RECORDS SHOWN –
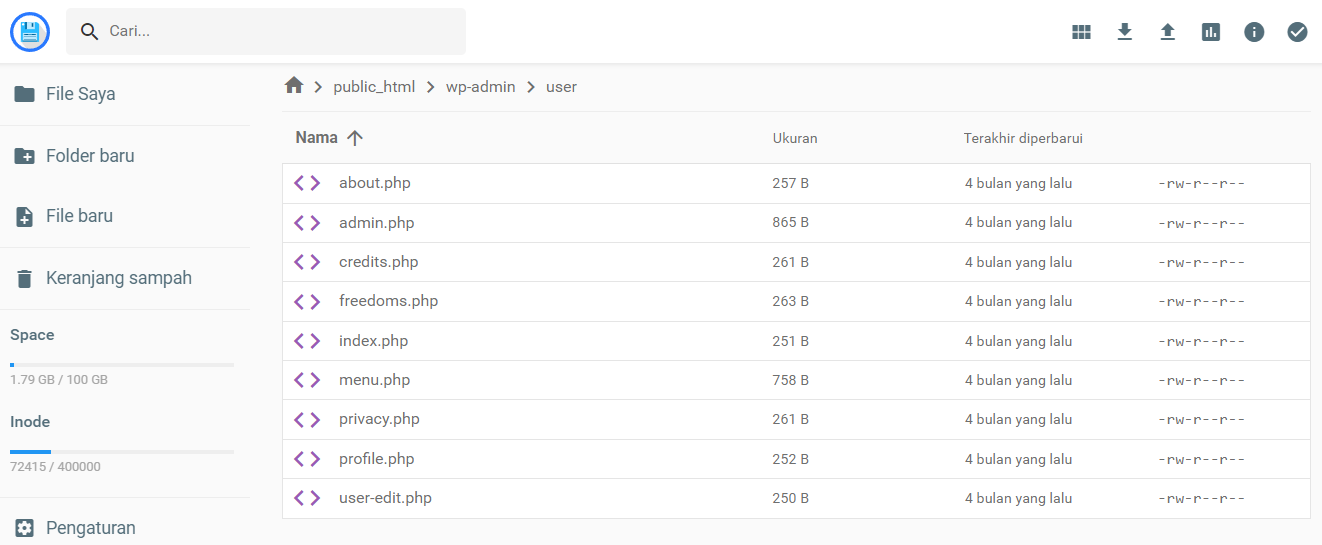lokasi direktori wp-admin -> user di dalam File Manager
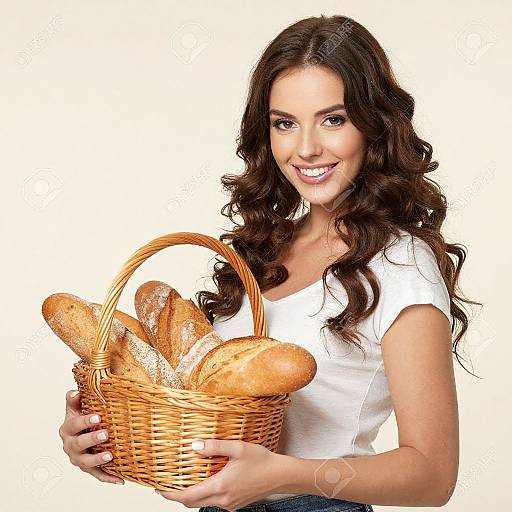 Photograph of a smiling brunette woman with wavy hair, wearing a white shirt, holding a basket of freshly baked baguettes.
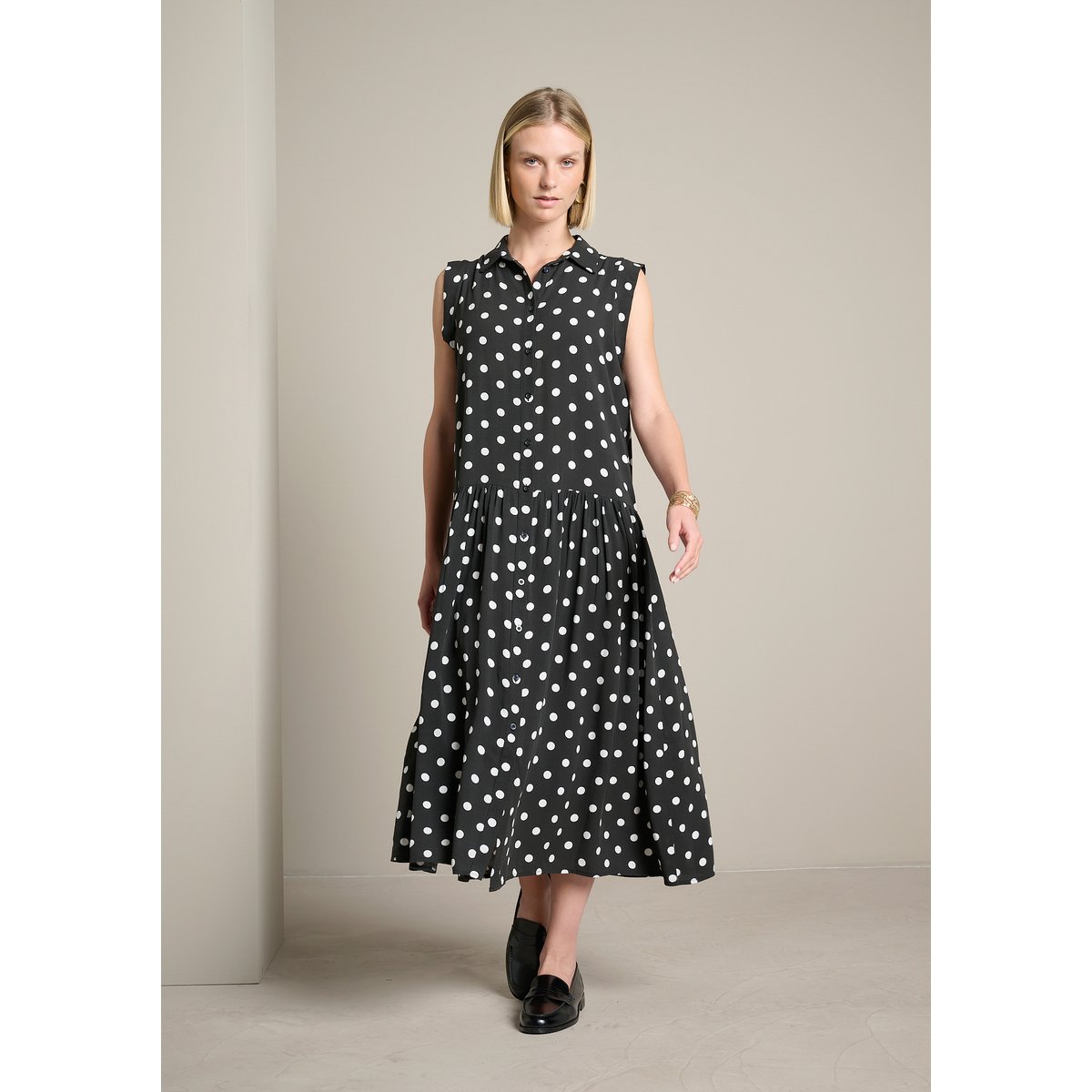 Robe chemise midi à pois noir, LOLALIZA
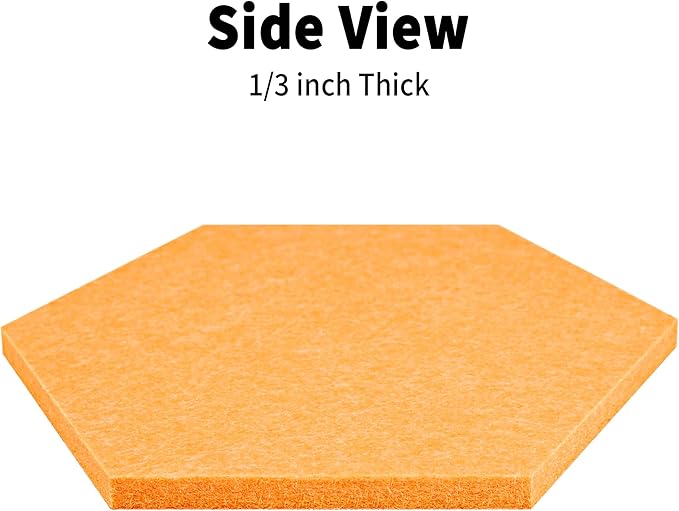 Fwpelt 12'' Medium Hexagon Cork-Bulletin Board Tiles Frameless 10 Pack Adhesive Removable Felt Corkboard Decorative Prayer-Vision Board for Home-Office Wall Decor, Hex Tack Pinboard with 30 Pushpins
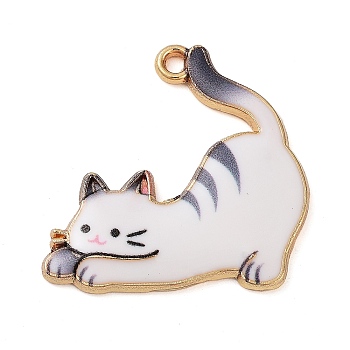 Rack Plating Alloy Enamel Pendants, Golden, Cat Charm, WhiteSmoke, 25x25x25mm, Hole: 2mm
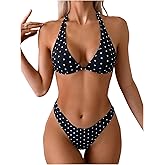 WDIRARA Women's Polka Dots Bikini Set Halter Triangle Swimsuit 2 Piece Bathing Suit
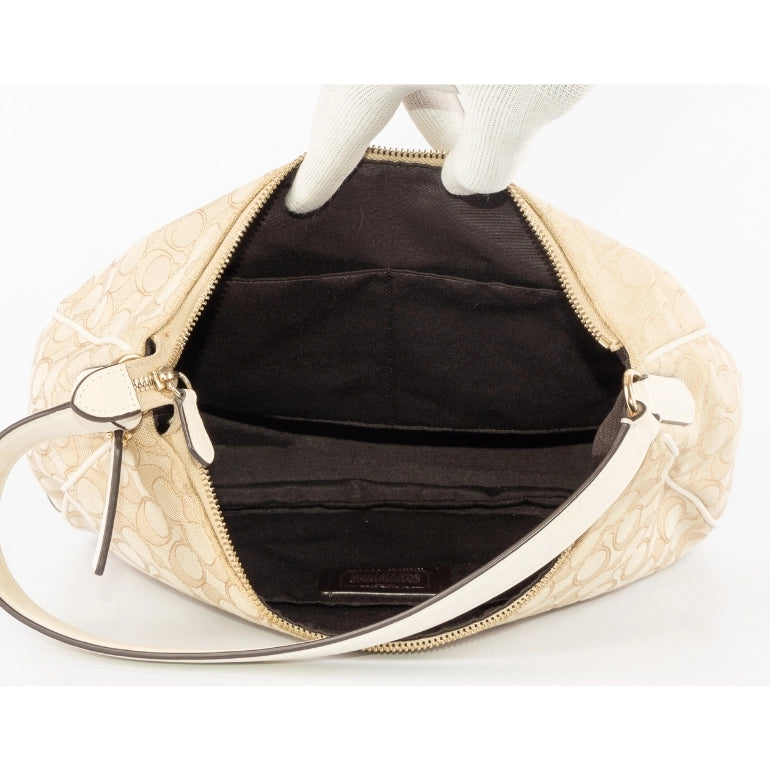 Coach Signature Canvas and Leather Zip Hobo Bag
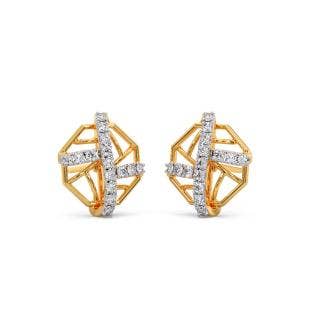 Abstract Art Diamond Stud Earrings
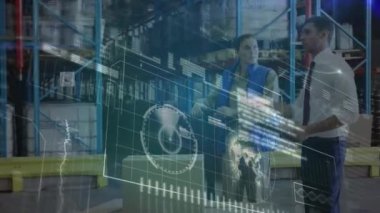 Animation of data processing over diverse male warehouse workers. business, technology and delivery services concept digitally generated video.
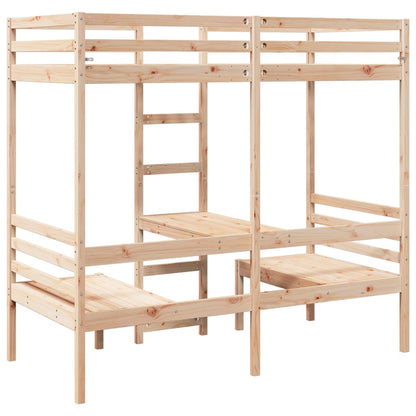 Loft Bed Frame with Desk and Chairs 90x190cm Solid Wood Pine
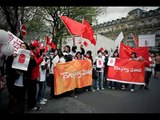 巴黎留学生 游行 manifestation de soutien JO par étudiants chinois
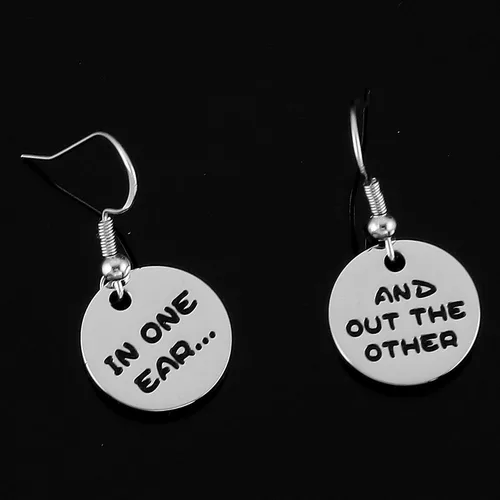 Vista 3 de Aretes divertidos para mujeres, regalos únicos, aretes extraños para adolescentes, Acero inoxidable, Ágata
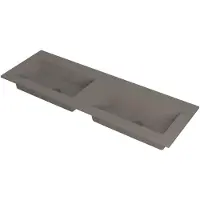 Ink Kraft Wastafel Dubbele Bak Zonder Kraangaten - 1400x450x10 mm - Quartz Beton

TASK TO COMPLETE – Please copy only the lines from the one that contains "Loft Bed Frame" through the last line of the records, exactly, and keep every picture out of the copy.

TASK ANSWER –
 Loft Bed Frame with Desk and Chairs 90x190cm Solid Wood Pine
 巴黎留学生 游行 manifestation de soutien JO par étudiants chinois
 Vista 3 de Aretes divertidos para mujeres, regalos únicos, aretes extraños para adolescentes, Acero inoxidable, Ágata
 Ink Kraft Wastafel Dubbele Bak Zonder Kraangaten - 1400x450x10 mm - Quartz Beton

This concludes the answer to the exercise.